Task to complete: Omit the pictures and return exactly the stretch of the material below from the line with "Chrysler pacifica 03-07" through the line with "The Lincoln Marriott Cornhusker Hotel".

Information given:
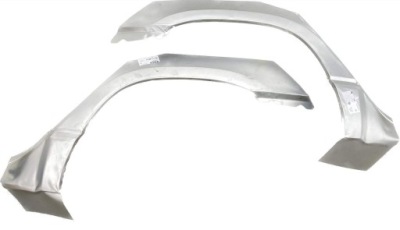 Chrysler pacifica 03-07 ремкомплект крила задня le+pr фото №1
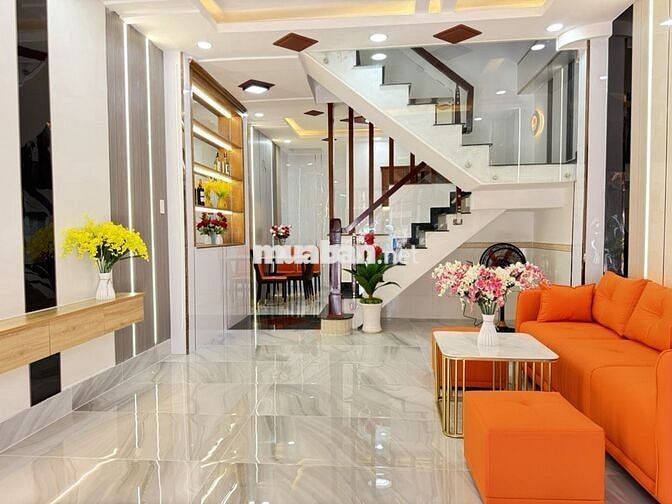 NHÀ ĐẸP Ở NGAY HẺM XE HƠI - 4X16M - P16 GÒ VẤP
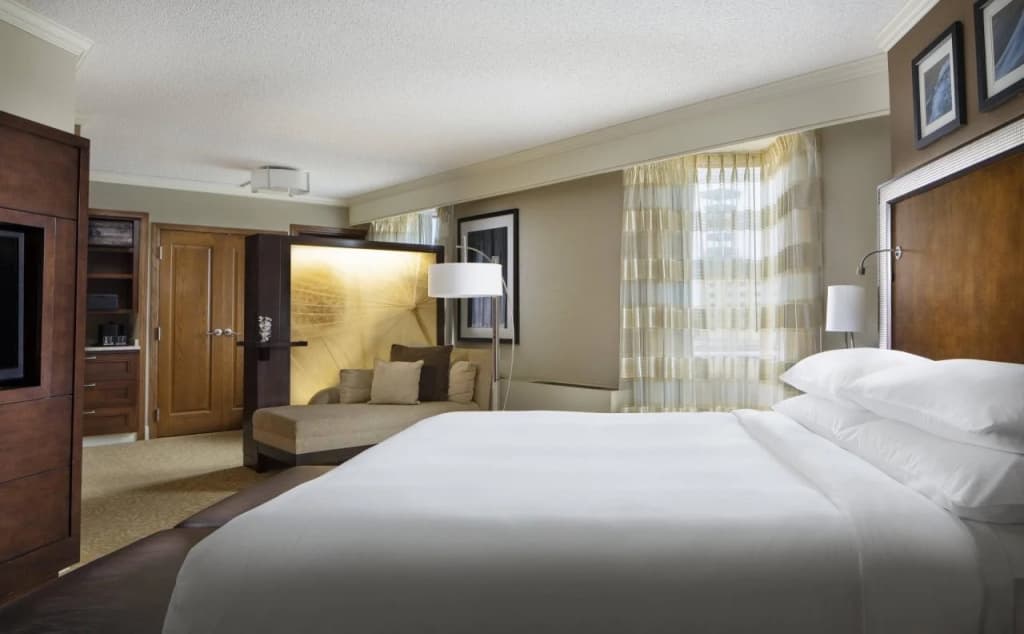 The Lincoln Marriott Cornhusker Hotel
...
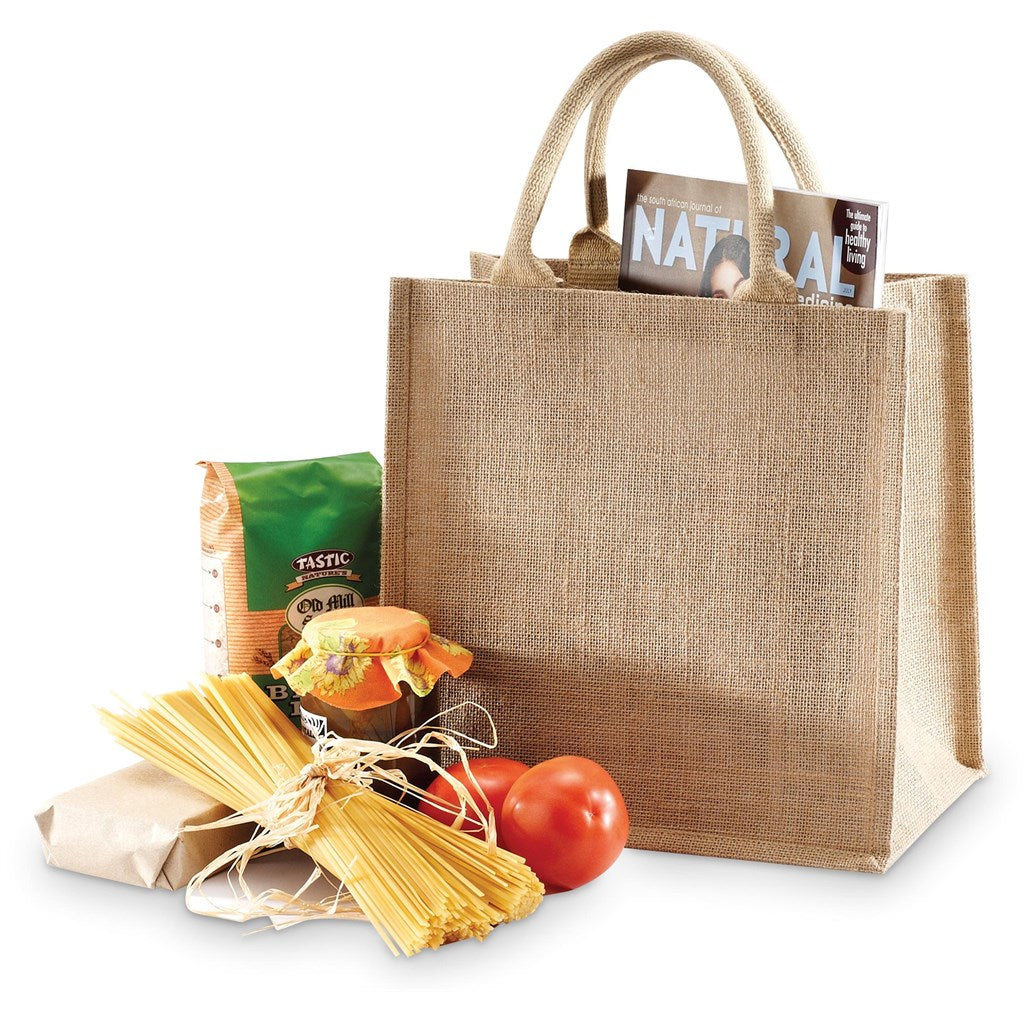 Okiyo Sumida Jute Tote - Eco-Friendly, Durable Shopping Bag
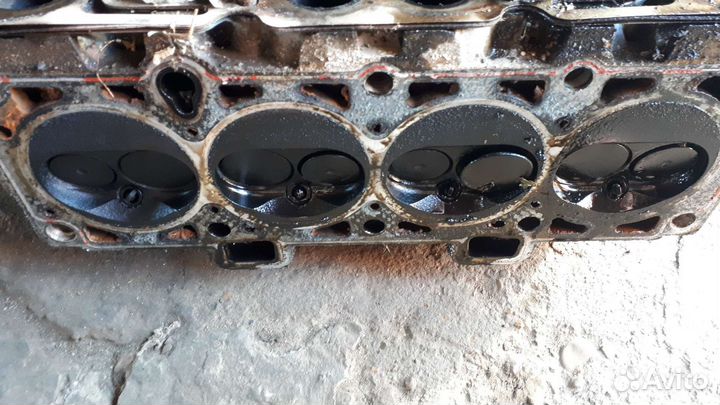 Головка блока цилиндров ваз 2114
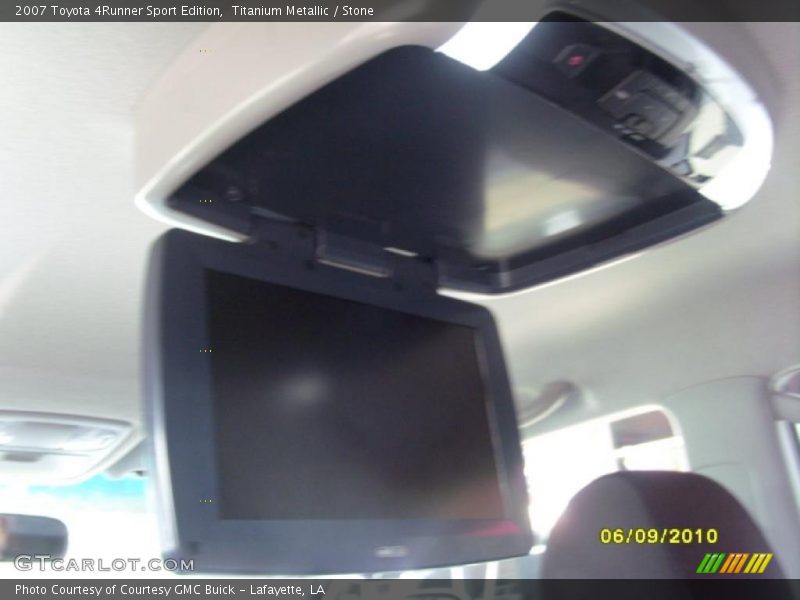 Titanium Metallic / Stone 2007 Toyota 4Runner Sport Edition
--
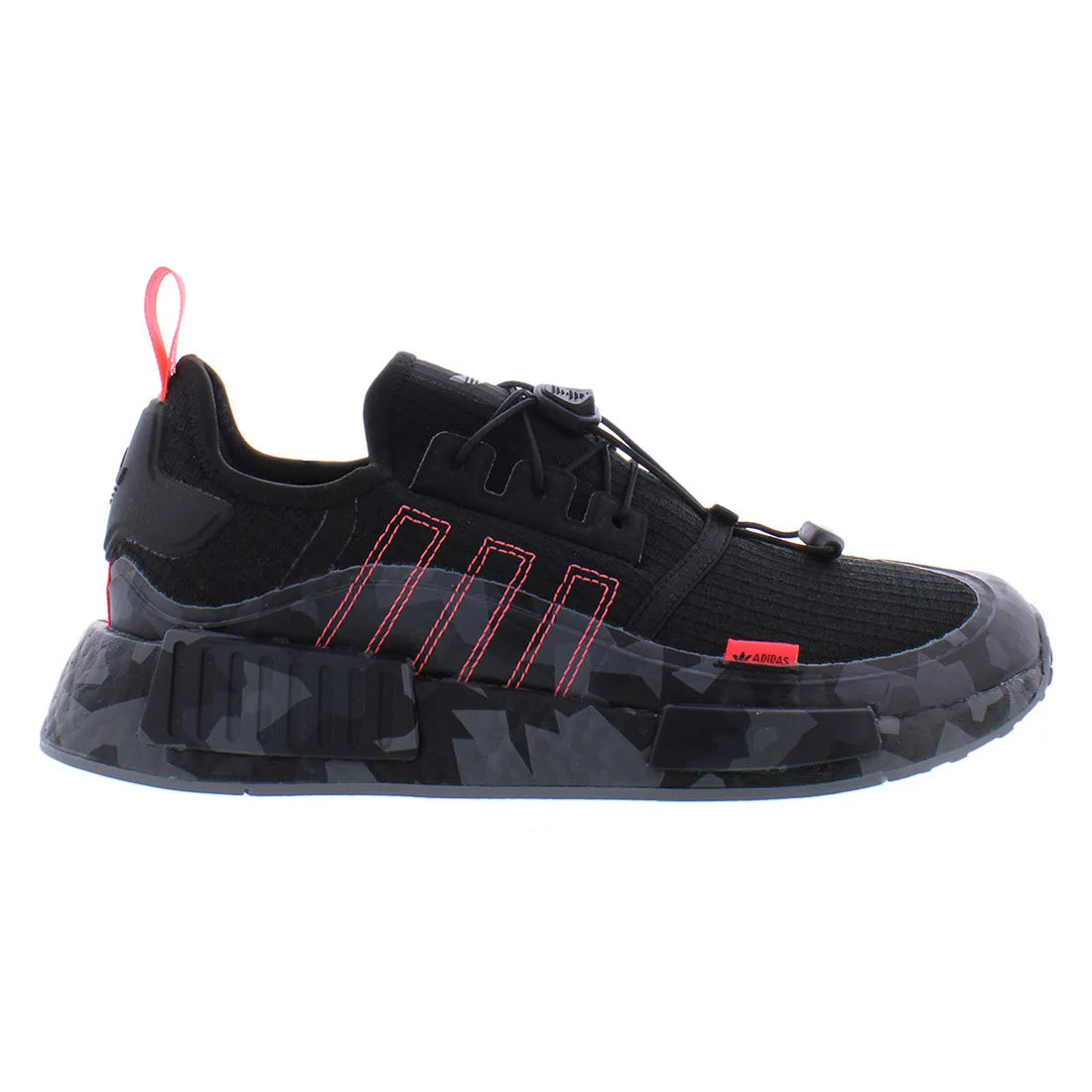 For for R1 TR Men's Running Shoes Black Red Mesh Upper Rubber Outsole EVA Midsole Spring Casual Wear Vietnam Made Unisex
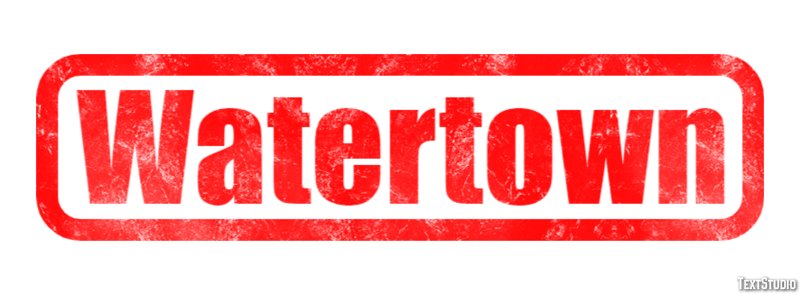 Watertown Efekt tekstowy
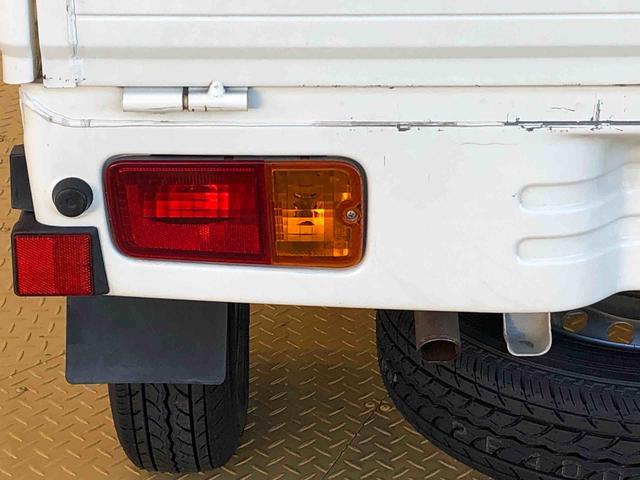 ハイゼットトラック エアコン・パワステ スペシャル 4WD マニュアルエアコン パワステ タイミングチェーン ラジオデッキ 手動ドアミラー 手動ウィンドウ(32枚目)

Completed exercise:
 Chrysler pacifica 03-07 ремкомплект крила задня le+pr фото №1
 NHÀ ĐẸP Ở NGAY HẺM XE HƠI - 4X16M - P16 GÒ VẤP
 The Lincoln Marriott Cornhusker Hotel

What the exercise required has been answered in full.